Si les emplois de Penelope Fillon s'avéraient fictifs ou surévalués, l'épouse du candidat LR pourrait être condamnée pour "complicité et recel de détournement de fonds publics", son salaire ayant été payé par le "crédit parlementaire" alloué à chaque député pour rémunérer ses collaborateurs. Dans ce volet de l'enquête, une perquisition à l'Assemblée nationale a permis de constater qu'aucun badge ni adresse mail au nom de Penelope Fillon n'avait jamais existé. Le député de Paris argue que son épouse était son "relais" à Sablé-sur-Sarthe, fief du couple, assurant qu'elle s'occupait de "tâches simples mais essentielles", comme la gestion du courrier ou de l'agenda.

  • "Complicité et recel d'abus de biens sociaux"

C'est la deuxième révélation du Canard Enchaîné : de mai 2012 à décembre 2013, Penelope Fillon a également été employée de la Revue des deux mondes, l'un des plus vieux mensuels de France. "Je n'ai jamais rencontré Penelope Fillon et ne l'ai jamais vue dans les bureaux de la revue", a indiqué au journal satirique Michel Crépu, ancien directeur du périodique. En plus d'un an, l'épouse de François Fillon n'a fourni que deux notes de lecture, publiées sous un pseudonyme. Elle assure avoir par ailleurs rempli un rôle de "conseil" pour la revue.

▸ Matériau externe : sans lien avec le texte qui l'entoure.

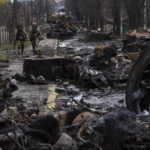 
              Soldiers walk amid destroyed Russian tanks in Bucha, in the outskirts of Kyiv, Ukraine, Sunday, April 3, 2022. Ukrainian troops are finding brutalized bodies and widespread destruction in the suburbs of Kyiv, sparking new calls for a war crimes investigation and sanctions against Russia. (AP Photo/Rodrigo Abd)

Là encore, les juges d'instruction Serge Tournaire, Aude Buresi et Stéphanie Tacheau cherchent à savoir si cet emploi a pu être fictif. D'autant que la Revue des deux mondes appartient à Marc Ladreit de Lacharrière, proche du candidat Les Républicains. En 2011, ce dernier a reçu des mains de son ami, alors Premier ministre, la dignité de "grand'croix dans l'ordre national de la Légion d'honneur". L'emploi de Penelope Fillon pourrait-il alors être une compensation pour service rendu ? L'enquête devra le déterminer.

  • "Recel d'escroquerie aggravée"

Mi-mars, l'enquête initiée par le parquet national financier (PNF) a été élargie à des soupçons de faux et d'usage de faux et d'escroquerie aggravée. Lors de leurs perquisitions à l'Assemblée nationale, les enquêteurs ont en effet découvert une fiche de renseignement sur laquelle l'épouse du candidat déclarait, en juillet 2012, travailler 14 heures par mois à la Revue des deux mondes. Mais dans le bureau de François Fillon, un autre document, semblant être un brouillon, a été trouvé et fait état d'un nombre d'heures deux fois plus élevé.

Les enquêteurs se demandent si le volume horaire des missions de "conseil" de Penelope Fillon a pu être minimisé, afin de respecter la limite légale du temps de travail cumulé lorsqu'elle était à la fois salariée de la revue littéraire et de l'Assemblée nationale, deux emplois censés être à temps plein. Si les juges n'ont pas retenu les chefs de faux et d'usage de faux dans leur convocation adressée à Penelope Fillon, ils l'ont donc mise en examen pour recel d'escroquerie aggravée.